→ **Problem details**: Return the full set of entries precisely. Do not carry over any pictures.

--- --- ---

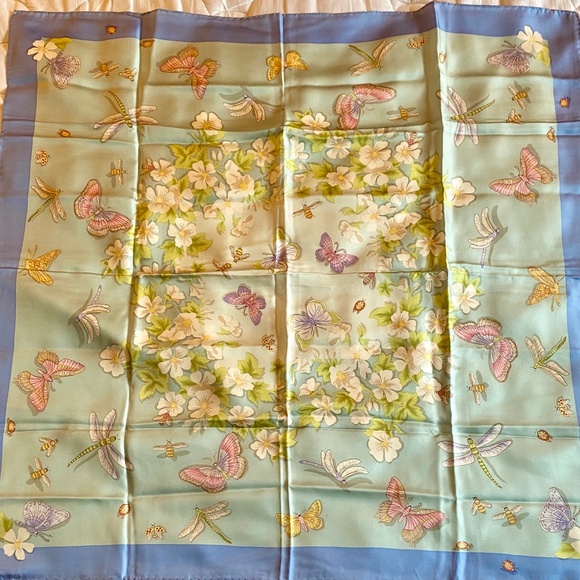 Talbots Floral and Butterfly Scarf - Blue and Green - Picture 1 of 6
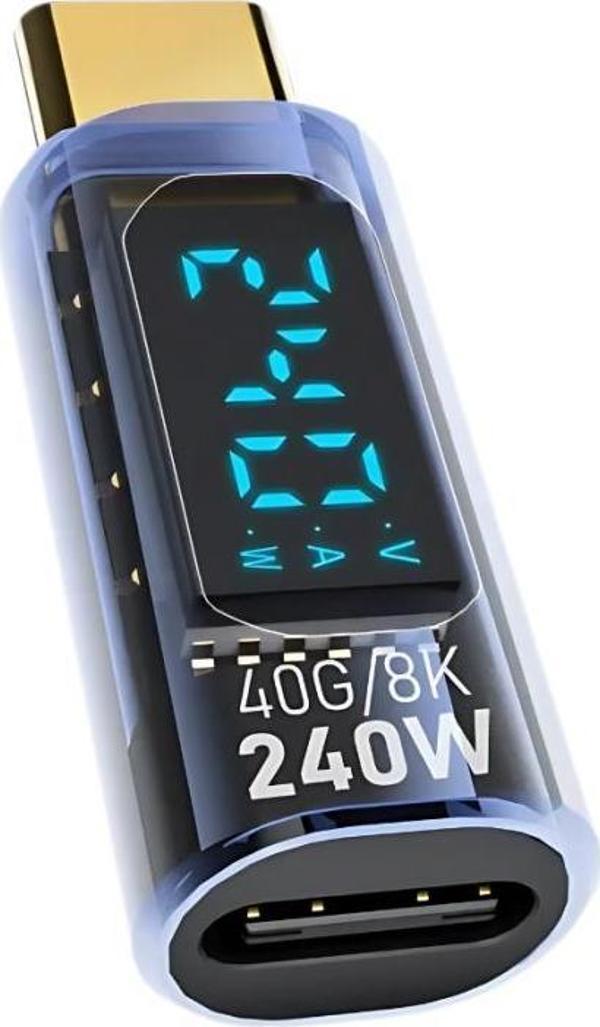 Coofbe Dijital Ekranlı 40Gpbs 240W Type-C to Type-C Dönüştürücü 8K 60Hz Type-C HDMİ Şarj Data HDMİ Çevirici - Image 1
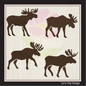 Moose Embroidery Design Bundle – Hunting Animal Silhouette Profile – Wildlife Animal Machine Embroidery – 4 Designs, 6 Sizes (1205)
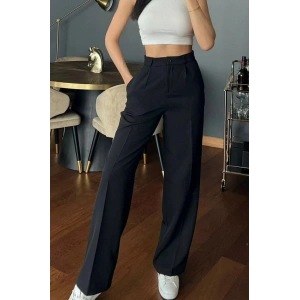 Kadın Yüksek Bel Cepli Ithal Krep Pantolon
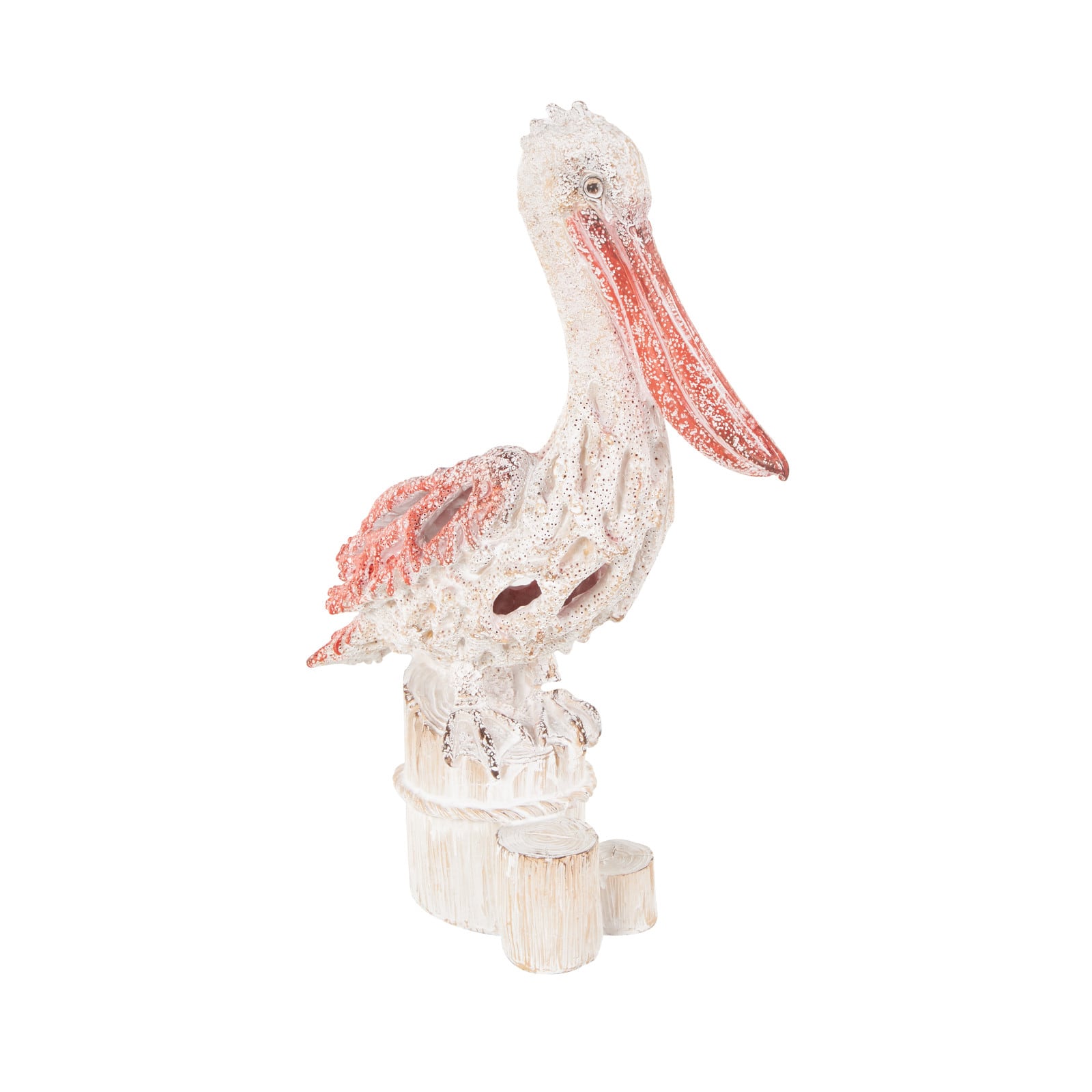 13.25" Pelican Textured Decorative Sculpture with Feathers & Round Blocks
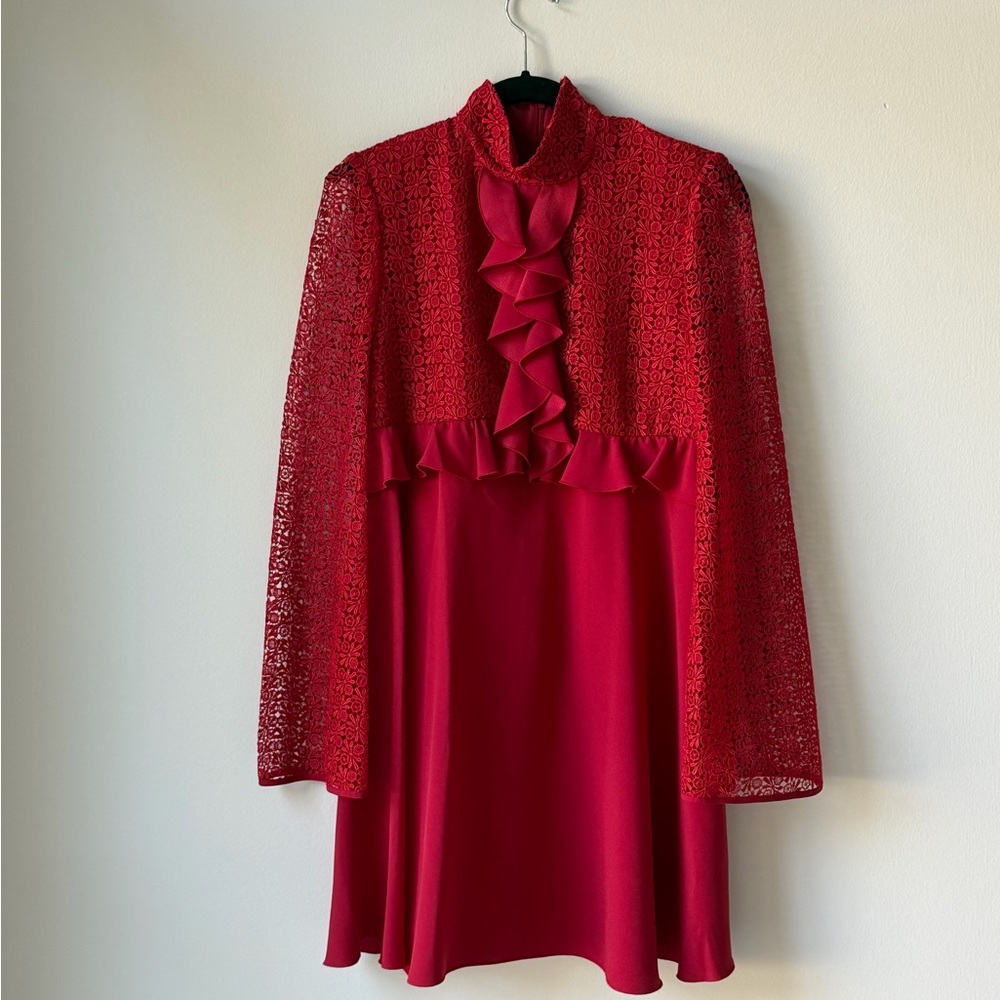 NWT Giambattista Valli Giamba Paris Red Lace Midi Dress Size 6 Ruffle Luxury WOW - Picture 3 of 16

--- --- ---

→ **Completed exercise**:
 Talbots Floral and Butterfly Scarf - Blue and Green - Picture 1 of 6
 Coofbe Dijital Ekranlı 40Gpbs 240W Type-C to Type-C Dönüştürücü 8K 60Hz Type-C HDMİ Şarj Data HDMİ Çevirici - Image 1
 Moose Embroidery Design Bundle – Hunting Animal Silhouette Profile – Wildlife Animal Machine Embroidery – 4 Designs, 6 Sizes (1205)
 Kadın Yüksek Bel Cepli Ithal Krep Pantolon
 13.25" Pelican Textured Decorative Sculpture with Feathers & Round Blocks
 NWT Giambattista Valli Giamba Paris Red Lace Midi Dress Size 6 Ruffle Luxury WOW - Picture 3 of 16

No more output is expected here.